Just Outside My Back Door

We’ve been back to our home state of Michigan for well over a month now after a three-month hiatus in Florida.  I haven’t returned to my usual photography routine of taking pictures every day like I did in Florida or like I did through most of the pandemic years when all my regular routines were put on hold and I had time to pursue this hobby full time.

Male Rose-breasted Grosbeak
Male House Finch

My picture taking days have taken a nose dive since returning to Michigan. It’s not that I’ve lost interest, or sustained an injury, or had a spate of bad weather. It’s pickleball. I’ve been distracted by pickleball.

Blue Jay
Male Barn Swallow

There are pickleball courts right next to our condo, and there’s a whole community of pickleball enthusiasts nearby who are readily available to play. It’s impossible for me to stay home if I know there’s a pickleball game going on.  As a result, I haven’t gone on any ‘field trips’ this spring or gone for many picture walks.

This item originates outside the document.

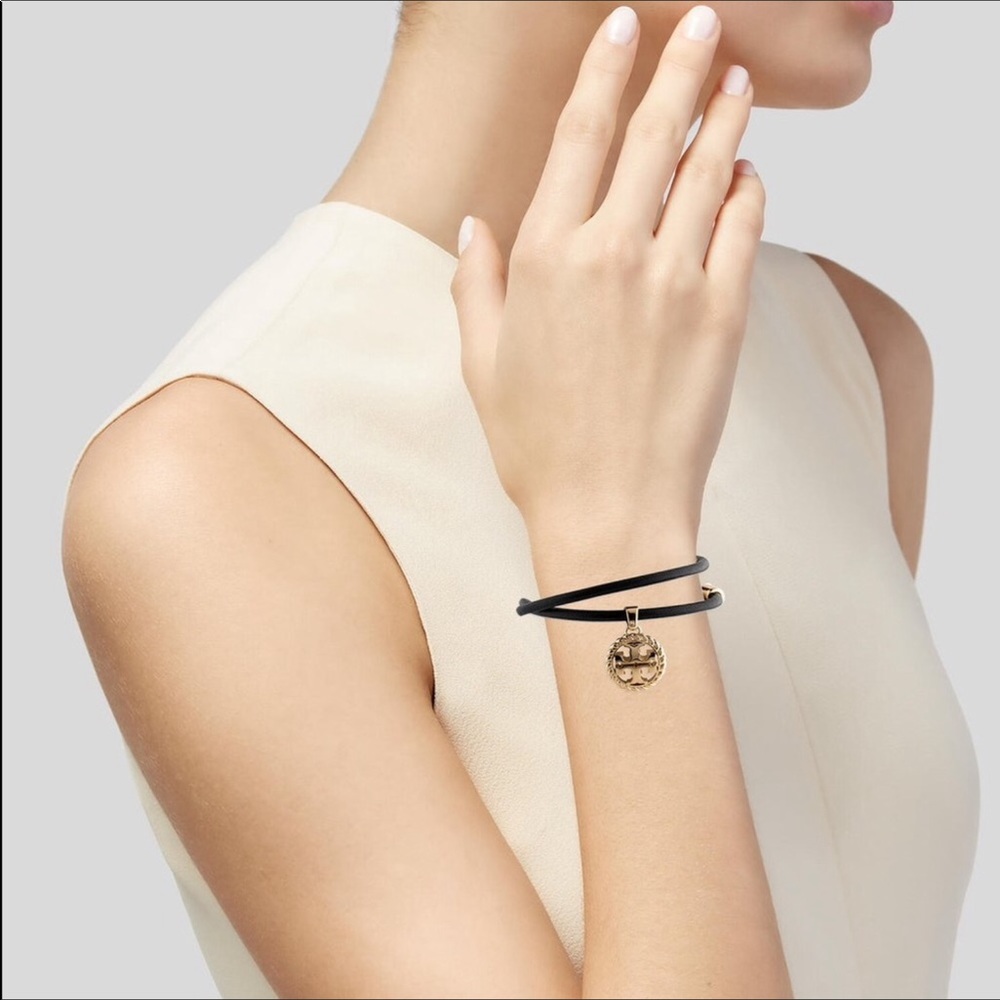 Tory Burch double T Kira pendant & black leather collar Or  bracelet - Picture 4 of 8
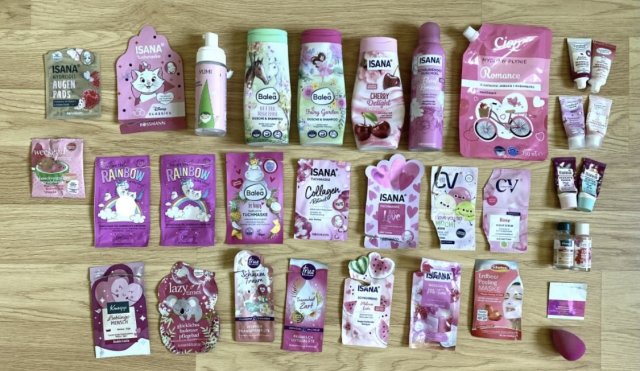 akcja denkowanie! grudzień - kosmetyki w świątecznych opakowaniach i świątecznych kolorach 🎄❄️⛄🎀🎁🎅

A male Grackle enjoying my peanuts and seeds
White-crowned Sparrow
European Starling

Mostly, I’ve been finding an hour or two here and there to stand outside our back door with my camera in hand to take pictures of all the usual suspects: woodchucks, woodpeckers, chipmunks, squirrels, white-tailed deer, and a wide variety of colorful songbirds.  They’re all back there carrying on with their busy, productive lives even when I’m not there to document it.

Eastern Cottontail
Young house sparrow begging for food!

The most interesting critter in our backyard has been the local woodchuck. I was standing outside our back door taking pictures of all the different birds landing in the nearby trees when I noticed movement about 50 feet from where I was standing. When I zoomed in on the mystery creature, I discovered it was a mama woodchuck transporting her little babies, one by one in her mouth from point A to point B. I’m not sure why she was moving them, but it was so much fun to watch! By the way, did you know that those little babies are called chucklings? I loved learning that little bit of trivia!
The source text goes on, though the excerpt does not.